じりじりと狭まる包囲網を横目に、俺は一旦、刀を鞘に収めると、
「円舞二式!」
と叫ぶと同時に居合の要領で刀を抜き放ち、左足を軸に高速で刃の円舞を舞う。
壬生狼の隊士達が次々と円舞に巻き込まれ、倒されていく。
退路が開き、仲間達が撤退を始める。
仲間達が辻の先に消えた。
彼らはもう大丈夫だ。
しんがりは俺。
俺も撤退を始める。
早駆けで辻を曲がる。振り向きざま、辻を曲がってきた隊士を一閃。
更に次の辻を曲がる。振り向きざま、辻を曲がってきた隊士を一閃。
これの繰り返し。
追い縋って来る壬生狼を一人一人倒していく。
剣客に足の速さは必須だ。その足を生かして敵をばらけさせ、都度、一人ずつ敵を減らしていく。壬生狼や見回組は多勢で、もたもたしていれば応援を呼ばれてしまうし、体力も持たない。だから、無勢の志士側が取る戦術はこれしか無い。

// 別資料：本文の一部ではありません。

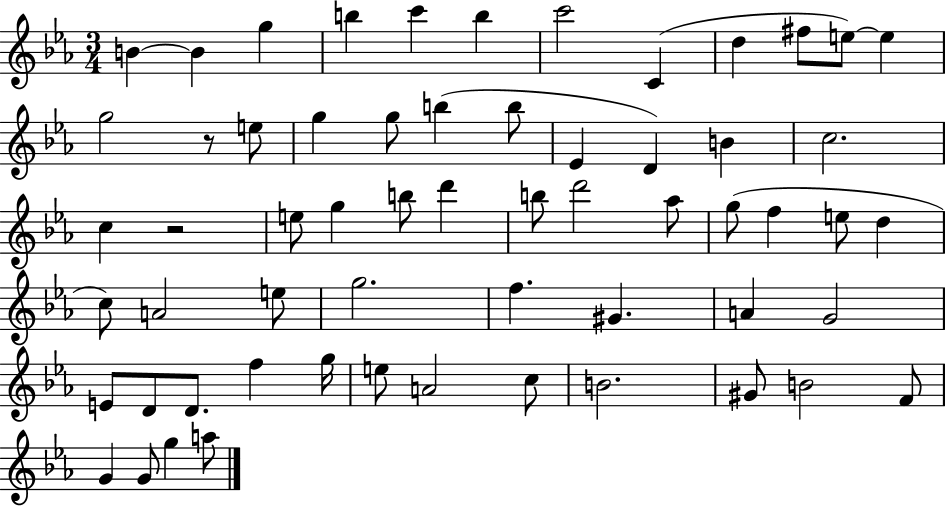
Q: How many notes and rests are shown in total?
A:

途中で数を数えるのを止めるくらい辻を曲がった頃、追手はいなくなった。どうやら、振り切れたようだ。
あらかじめ打ち合わせていた集結場所に向かう。
都の西の廃寺。
そこに仲間達がいた。
師匠が俺に気付くと、こちらに歩み寄りながら声を掛けてくる。
「無事か、皐月。」
「師匠も無事だったようですね。」
「隊長と呼べ。普段から言ってるだろうが。」
頭に拳骨を食らった。
「ははは、慣れないもんで・・・」
俺は、にへら、と笑って答える。
「他の仲間達も無事だったようですね。」
「ああ、今回もおまえのおかげでな。いつも助かってる。褒美に今度また祇園に連れてってやるよ。」
「え~っ、またですか? 俺、苦手なんですよ、ああいうとこ。ド派手なお姐さんも苦手。」
15になったばかりの俺には色街はちょっとねえ。
「そういうところがガキなんだよ、おまえは。」
「へえへえ、俺はガキですよ。穢れ切った誰かと違って————」
「一言多いんだよ。」
言い終わる前に拳骨を食らう。
それを見て、周りの仲間達が笑っていた。